Wednesday, March 24, 2010
Get Outta That Spot!
For the past four weeks my son has attended a once a week after school enrichment program. Every Tuesday I eagerly watch for his school bus and when he doesn’t get off, I suddenly remember that I’m supposed to be picking him up. It’s a great system for a forgetful mom.
So I wait until four o’clock and I get in the minivan to drive the four minutes to his school. If we didn’t live next to a very busy street he could walk home almost as quickly as I could drive him.
And because about fifty other moms are making the same trek, our small elementary school parking lot is totally packed for the eight minutes it takes all of us to park, walk in the doors, take our child’s hand, and walk back out to our vans. We are all there for the exact same five minute window of time that these enrichment classes let out.
Ten minutes before that time the parking lot is empty. Ten minutes after it is empty again.
Every week I see something that drives me insane. And if a blog is for nothing else, it is for venting about things that drive you insane, even if no one else might care. So I am going to take my chance and air my grievances.
Every week, and I mean EVERY week, there are one or two moms who park in the two handicapped spaces right in front of the school. They are not always the same two moms and I have rarely actually seen the faces of said moms, but I am highly suspicious that they are not handicapped.
For one thing, there are no hang tags in the windows of these vans. For another, I have seen a few of the drivers actually get out and sprint to the doors, with that hurry in their step that says, “I’ll just be a minute….”

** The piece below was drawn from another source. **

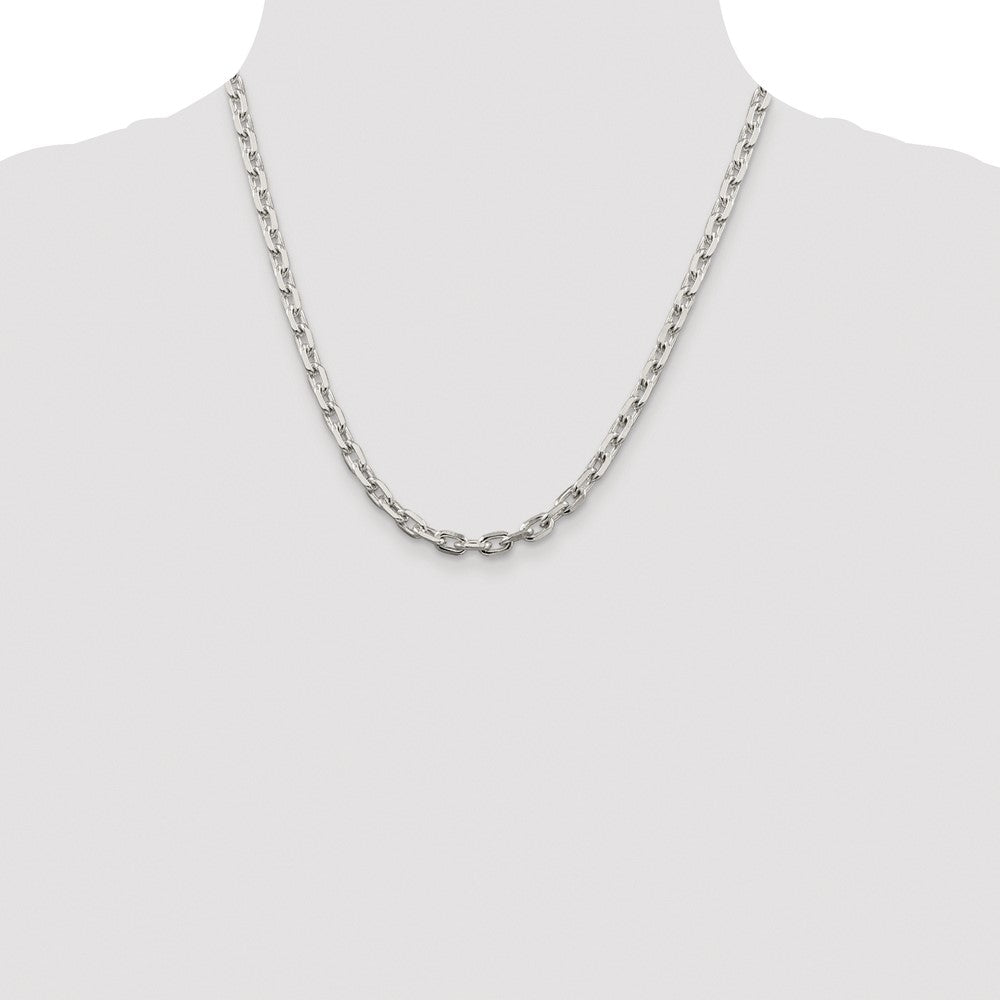 Sterling Silver Rhodium-plated 5.4mm Beveled Oval Cable Chain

Now I hesitate to confront. I know firsthand that some disabilities are invisible to the naked eye. My metal leg tends to scream out validity, especially on the days I wear shorts. But I am sympathetic to the stares and judgment that some drivers must face when they live with things like weak hearts or lung conditions.
But the kicker of the story is that I DO own a handicap tag and I purposefully don’t park in those spaces. I am fully capable of finding a farther spot and making my way across the parking lot like the rest of the moms and dads. Occasionally I do have a bad leg day, so I dig out my hang tag and take a spot. But that is such a rare event I generally have to dig for five minutes to even find my tag in the bottom of the stack of maps.
So it makes me very protective of those bright blue wheelchair logos painted on the pavement. I am probably not the only parent or grandparent that doesn’t need it every day, but might need it some day. And if a selfish, lazy, running late parent tries to justify their use of the space, it personally offends me.
The rest of us are ‘just going to be a minute…” but we don’t use those spaces. The rest of us are busy and would love to shave five minutes off our errands by not trekking across the large parking lot. But we don’t. We either get there early enough for a closer space or we deal with the fact we might get a little bit of much needed exercise.
I’ve called the school. They have been very sympathetic and put notices in the school newsletters. Maybe the offending drivers see it, but I’m sure not all of them take the time to read the newsletter. So in the meantime they continue to use those sacred spaces for their personal running-late spots.
And it continues to bug me.
That’s all. I’ve said my peace. Now let’s return to your regularly scheduled program.